Improvements in skin flap survival mediated by hydrogels with bFGF were determined in vivo by creating a random pattern skin flap on the back of ATP imaging mice. The ATP levels of cells in flap tissues were estimated by expressing FRET-based biosensors in transgenic mice, namely “ATeam,” to visualize ATP levels (ATeam mice were kindly gifted by Dr. Masamichi Yamamoto, Kyoto University, Japan. Papers are in preparation). A modified McFarlane flap60 template with a size of 4 × 2 cm2 (exceeding a 2:1 length-to-width ratio) was traced using a surgical marker on the dorsal surface of the ATeam mice after shaving and depilating under anesthesia. The mice were then divided into four equal groups (n = 5 per group) as follows: Group A, a saline solution was injected subcutaneously; Group B, conventional method of subcutaneous bFGF spray (1 µg/cm2/day) without gelatin; Group C, gelatin and photoinitiator without bFGF were molded subcutaneously on demand via light irradiation (wavelength: 455 nm, 30 mW/cm2 for 30 s) according to the shape of the skin flap area; Group D, gelatin and a photoinitiator with bFGF (7 µg/cm2) were molded subcutaneously on demand via light irradiation (wavelength: 455 nm, 30 mW/cm2 for 30 s) according to the shape of the skin flap area. The flaps were visually assessed 10 days after treatment after analyzing digital images of the flaps recorded using a digital camera. The ATP level in the skin flap was imaged by the IVIS Lumina XR, and the FRET ratio was analyzed with Living Image Software (PerkinElmer Inc.).

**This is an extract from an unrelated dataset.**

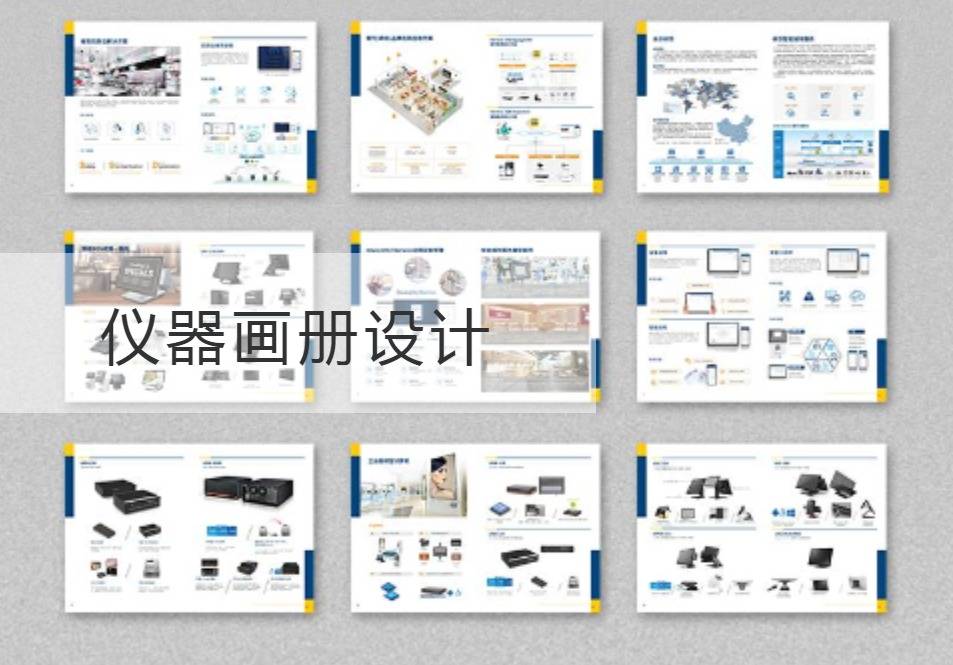 苏州仪器画册设计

The flaps were harvested from euthanized animals on post-operative day 10. The harvested wounds were fixed with a 5% formalin neutral buffer solution and embedded in paraffin. Paraffin sections were stained for CD31 for microvessel staining followed by standard immunohistochemical staining with DAB to examine the vascular density of the wound post-treatment. Five fields were randomly selected, and CD31-DAB-positively stained vessels were counted using the BZ-2 Analyzer (Keyence, Japan).

Statistical analysis

All data are presented as the mean ± SD. Differences between the values were evaluated using one-way analysis of variance (ANOVA, Tukey’s post-hoc test), except in the in vivo biocompatibility experiment where two-way ANOVA with Tukey’s post-hoc test was used. A value of p < 0.05 was considered statistically significant.